Not content to rest on their laurels, they noticed the growth of the craft cocktail movement, saw an opportunity to provide a distinctive cider-based product in the aperitif wine category and collaborated with fellow Vermonter and “maître liquoriste” Deirdre Heekin, author of Libation, a Bitter Alchemy, to create Orleans, another unique artisanal wine, fermented to dryness (meaning not sweet) and infused with Vermont-grown fresh herbs.
Pope says the Orleans is one of her and her staff’s favorite beverages. “Basically, it’s like a vermouth but with a cider base — cider macerated with basil and anise hyssop — fabulous just straight, on the rocks or as a cocktail base.” She features it both ways: chilled on its own and in an “Old Orleans” cocktail made with Laird’s Bonded Apple Brandy, maraschino, orange Curaçao and Fee Bros. Whiskey Bitters.

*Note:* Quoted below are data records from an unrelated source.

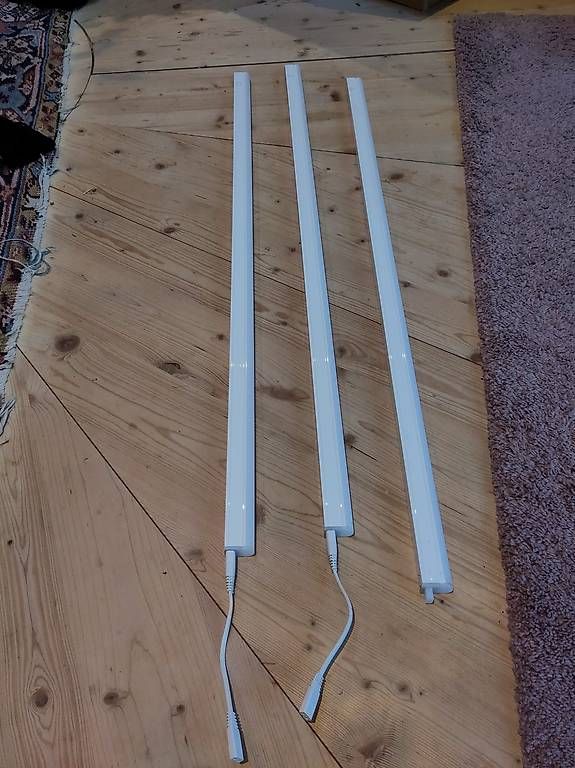 Lampes: LED Leuchte Lichtleiste – D'occasion à Wilen b. Wollerau par mooontjen 1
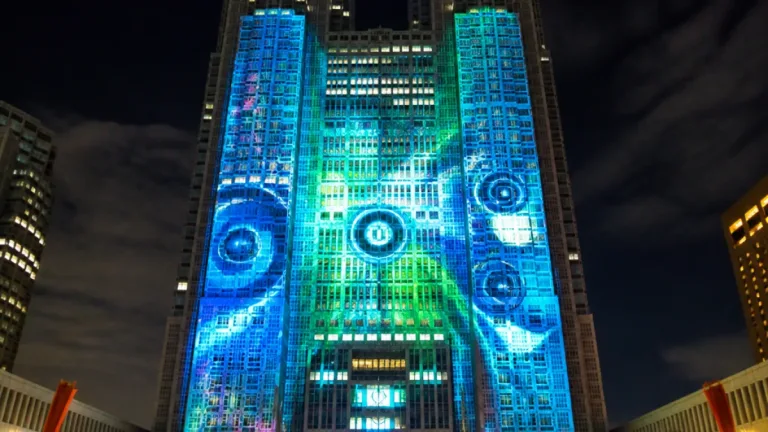 都庁の壁面に初音ミク 7月25日から夜の上映開始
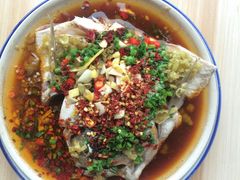 剁椒鱼（脘鱼胖头鱼都可）-瑶河山里菜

But ice cider is not just for booze hounds; its fans include chefs and food lovers who enjoy pairing it with everything from Cabot’s Clothbound Cheddar and creamy blue cheeses to pâté and maple crème brûlée. Eleanor’s sensible advice for the home cook: “If something goes well with apples, it will go well with ice cider. That means pork, cheese, duck, venison, foie gras and most desserts, except chocolate.”
Sounds like the ideal libation to accompany those rich winter meals, with a glass of Orleans on the rocks to kick things off. Just stick a bottle or two in the snow until well chilled and serve.